We want to understand how efficient teams have been historically at spending money and getting wins in return. In the case of Moneyball, one would expect that Oakland was not much more efficient than other teams in their spending before 2000, were much more efficient (they made a movie about it after all) between 2000 and 2005, and by then other teams may have caught up. Your job in this project is to see how this is reflected in the data we have.

The data you need to answer these questions is in the Salaries and Teams tables of the database.

Using SQL compute a relation containing the total payroll and winning percentage (number of wins / number of games * 100) for each team (that is, for each teamID and yearID combination). You should include other columns that will help when performing EDA later on (e.g., franchise ids, number of wins, number of games).

Include the SQL code you used to create this relation in your writeup. Describe how you dealt with any missing data in these two relations. Specifically, indicate if there is missing data in either table, and how the type of join you used determines how you dealt with this missing data. One note, for SQL you have to be mindful of integer vs. float division.

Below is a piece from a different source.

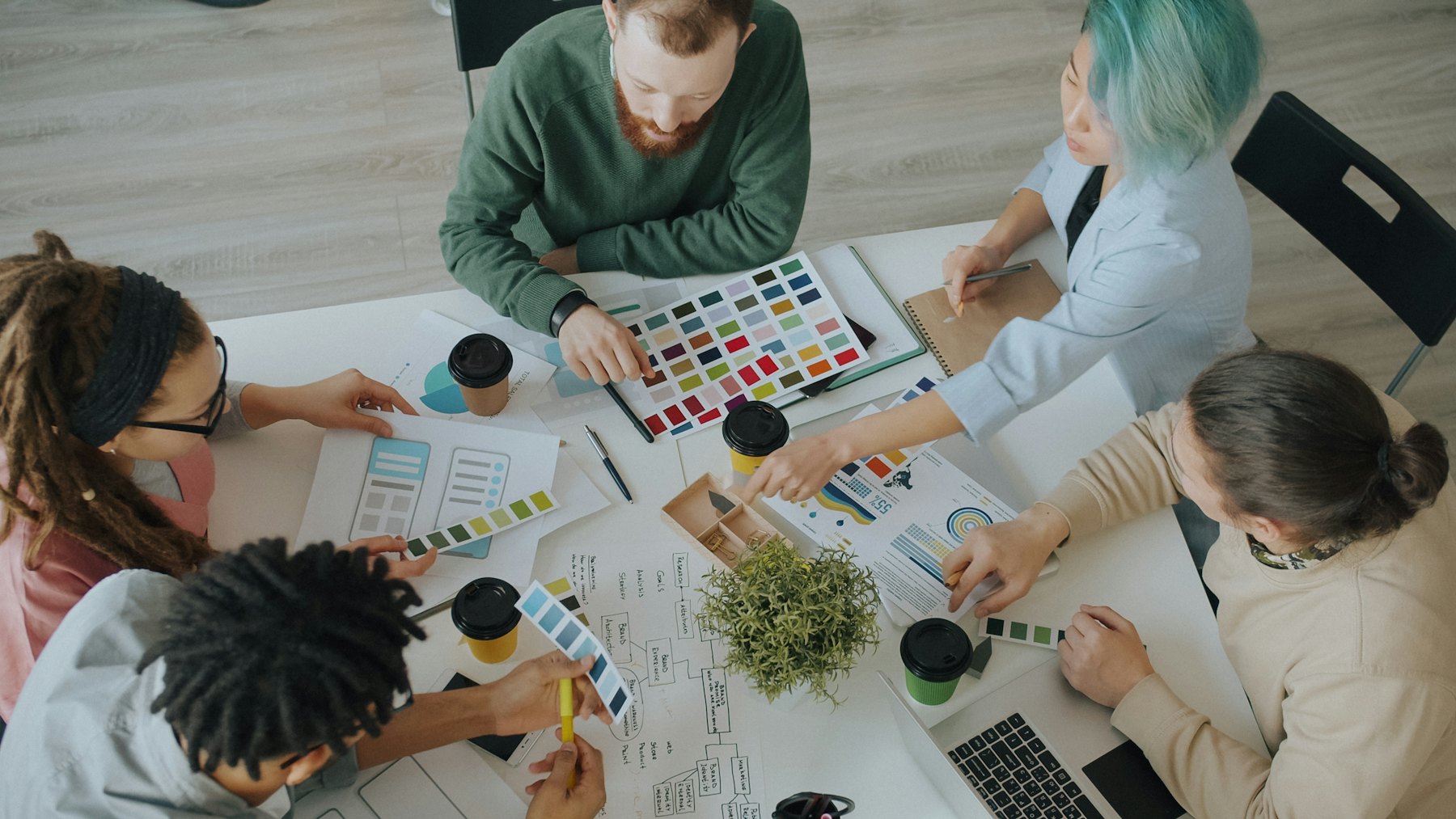 Team arbeitet mit Farbmustern und Entwürfen an einem Tisch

Write code to produce plots that illustrate the distribution of payrolls across teams conditioned on time (from 1990-2014).

What statements can you make about the distribution of payrolls conditioned on time based on these plots? Remember you can make statements in terms of central tendency, spread, etc.

Write code to produce plots that specifically show at least one of the statements you made in Question 1. For example, if you make a statement that there is a trend for payrolls to decrease over time, make a plot of a statistic for central tendency (e.g., mean payroll) vs. time to show that specficially.

Write code to discretize year into five time periods (you can use pandas.cut to accomplish this) and then make a scatterplot showing mean winning percentage (y-axis) vs. mean payroll (x-axis) for each of the five time periods. You could add a regression line (using, e.g., NumPy's polyfit) in each scatter plot to ease interpretation.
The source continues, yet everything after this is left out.